Investigate whether IMK is written into non-volatile memory

The SQRL protocol declares that the identity master key must never be written, even briefly, into non-volatile memory, only existing in RAM. Although the application never explicitly breaks this rule, some investigation needs to be carried out into whether Android breaks it. In particular, the unencrypted master key is passed between several Activities when the identity is first created, using the Parcelable interface to achieve this. It is possible that the master key could be written to disk as a side-effect. Better care could also be taken in regards to how long the decrypted key remains in RAM, as it currently exists until the garbage collector destroys it. Implementing a reference counter and forced delete of the key would be a much better and more secure solution.

Confirm site name activity not explained

Users were confused as to the purpose of the confirm site name activity, and in particular, what they were being asked to do and why. This could be solved with the addition of some explanation text.

Improve exception strategy

Currently, almost all of the exceptions used are checked exceptions, meaning that if an exception is thrown, the caller is forced to handle it before the code will successfully compile. This regularly results in a large list of exceptions that callers must handle, some of which should never occur, unless as a result of programmer error. This leads to developer frustration and lazy exception handling, lowering the overall code quality. It would be far better to throw unchecked exceptions in these situations. Some thought should also be given as to whether the caller can actually do anything to recover from the exception. In some cases, recovery is impossible and therefore the code should throw a runtime exception. At the highest possible level in the code, a try catch clause should be added to handle these unchecked exceptions, and display friendly error message to the user.
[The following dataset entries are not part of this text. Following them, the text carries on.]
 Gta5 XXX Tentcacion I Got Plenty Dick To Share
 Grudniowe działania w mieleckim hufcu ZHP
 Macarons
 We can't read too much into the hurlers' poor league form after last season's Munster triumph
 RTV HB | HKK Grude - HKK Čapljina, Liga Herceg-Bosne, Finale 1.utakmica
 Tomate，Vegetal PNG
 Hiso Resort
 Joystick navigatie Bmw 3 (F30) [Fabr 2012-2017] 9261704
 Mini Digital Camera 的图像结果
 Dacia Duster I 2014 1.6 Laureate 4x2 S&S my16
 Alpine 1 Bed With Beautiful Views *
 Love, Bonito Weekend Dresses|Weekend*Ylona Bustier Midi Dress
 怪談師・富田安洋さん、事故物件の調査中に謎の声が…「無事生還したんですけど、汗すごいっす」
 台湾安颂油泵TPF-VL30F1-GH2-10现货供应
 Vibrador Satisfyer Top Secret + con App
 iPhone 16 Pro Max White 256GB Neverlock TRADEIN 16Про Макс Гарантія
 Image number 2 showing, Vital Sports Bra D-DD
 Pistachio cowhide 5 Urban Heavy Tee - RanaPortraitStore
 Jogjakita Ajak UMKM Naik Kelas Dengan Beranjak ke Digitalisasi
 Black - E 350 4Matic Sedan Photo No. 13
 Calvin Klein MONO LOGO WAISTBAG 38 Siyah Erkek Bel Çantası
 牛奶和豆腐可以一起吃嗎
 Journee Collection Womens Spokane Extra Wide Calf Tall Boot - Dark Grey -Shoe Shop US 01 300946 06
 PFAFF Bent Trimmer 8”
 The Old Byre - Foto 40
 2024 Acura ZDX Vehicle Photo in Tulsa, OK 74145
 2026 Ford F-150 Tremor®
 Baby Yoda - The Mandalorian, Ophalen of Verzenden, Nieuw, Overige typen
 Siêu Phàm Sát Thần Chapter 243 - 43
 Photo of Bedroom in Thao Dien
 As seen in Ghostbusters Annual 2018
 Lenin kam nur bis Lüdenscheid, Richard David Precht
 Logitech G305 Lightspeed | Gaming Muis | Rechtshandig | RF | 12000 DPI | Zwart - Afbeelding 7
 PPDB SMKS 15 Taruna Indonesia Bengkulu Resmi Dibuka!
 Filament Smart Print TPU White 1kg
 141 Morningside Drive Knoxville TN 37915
Add hint text to new identity name textview

On the create new identity activity, users were confused as to what the text box on this page was for. Adding some hint text to explain that their new identity name should go there would be useful.

Create new identity explanation text is wrong

The explanation text on the create new identity activity tells the user to shake and wave the phone until the progress bar turns green. The new colour scheme means that the progress bar no longer turns green. Either the explanation text should be updated to reflect reality or the bar should be updated to turn green.

Create new identity progress bar disappears too fast

The progress bar on the create new identity activity is replaced by a button once enough entropy has been collected. In practice, this happened so fast that users were confused by the explanation text as they couldn't see a progress bar. It would perhaps be better to show the progress bar in all green once it has finished and leave it on screen.

Confusing password strength meter

Almost all users experienced confusion in regards to the password strength meter. Its purpose was not obvious, and there was no textual content to inform the user that they needed the strength meter to completely fill before the application would allow them to proceed.

Improve entropy harvesting

Listen to security now episodes for guidance, for example, wifi, gps and other data should be harvested as well as not relying on the user to input good camera data.

Add README

Add a readme, describing the current state of the application as well as how to build and install it.